December of 2015 I had a heart to heart with God, I remember tears flowing, heart breaking and dreams fading as I put in to words what I was feeling. As I sat there in my mess, I told the Lord He had two options (truth bomb, I know I know, the Jenna today wouldn’t give the Lord options, but Jenna 3 years ago did). The first option would be that He would grant me what I had asked of Him and I would get pregnant or He would need to take away the desire in my  heart to have another baby. I told myself I was fine either way, but the longing for another little Gruber was something I couldn’t shake.  

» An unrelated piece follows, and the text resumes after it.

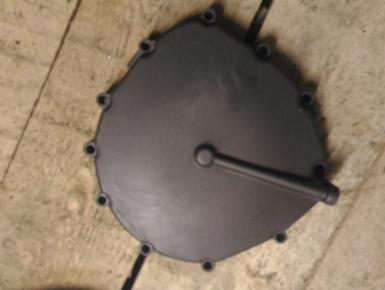 Крышка сцепления, Honda, GL 1800 Gold Wing, 2004, 0, 0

The end of January is when we found out about our sweet Ella. I was thrilled, a little surprised and totally grateful. When I found out I was pregnant with Wyatt, I was scared, unsure and unprepared. I didn’t know how to be a mom, I didn’t feel like I was ready to have children and I was certain we couldn’t afford a child at that time. When I found out I was pregnant with Maddy, I was certain there was no way my heart could ever love someone as much as i did Wyatt, so I was equally as scared and unprepared for Madelyn. This was the first pregnancy I felt like I was ready for. No doubt, no fear, no question about whether or not I was prepared. I learned with Madelyn that my whole heart could love each of my children equally and I knew I had more room in my heart for another child. I was ready, prepared and absolutely sure about this one. I considered myself a pro and thought I knew everything I needed to know about pregnancy and life with a newborn.

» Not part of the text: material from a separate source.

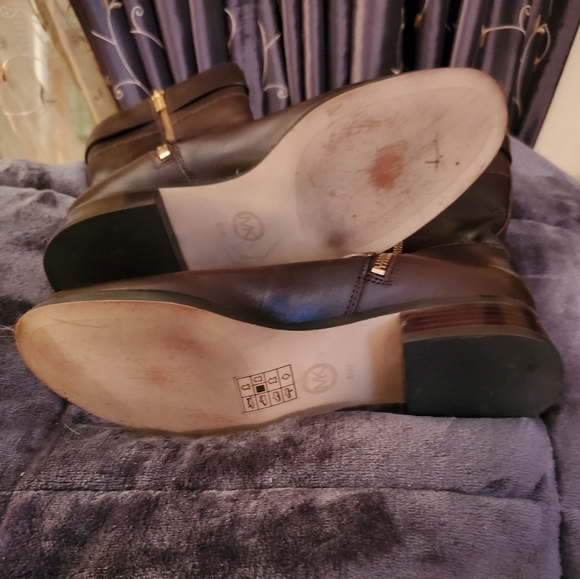 EUC Michael Kors boots - Picture 4 of 5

In March I went in for a routine ultrasound. I thought nothing of it and actually went in to the appointment eager to find out the gender of the baby. I was disappointed when the technician told me she couldn’t tell me anything about the baby and that she couldn’t answer any of my questions. I remember her being cold and short with me as she told me my doctor would be calling me soon. I had to follow up the ultrasound with blood work so I went directly to my doctor’s office for the blood draw. Mid draw,  the doctor raced in. I could tell in the way she spoke that something was wrong. She told the nurse to take more blood and looked at me to explain the situation. Something was found in the ultrasound and more tests were needed.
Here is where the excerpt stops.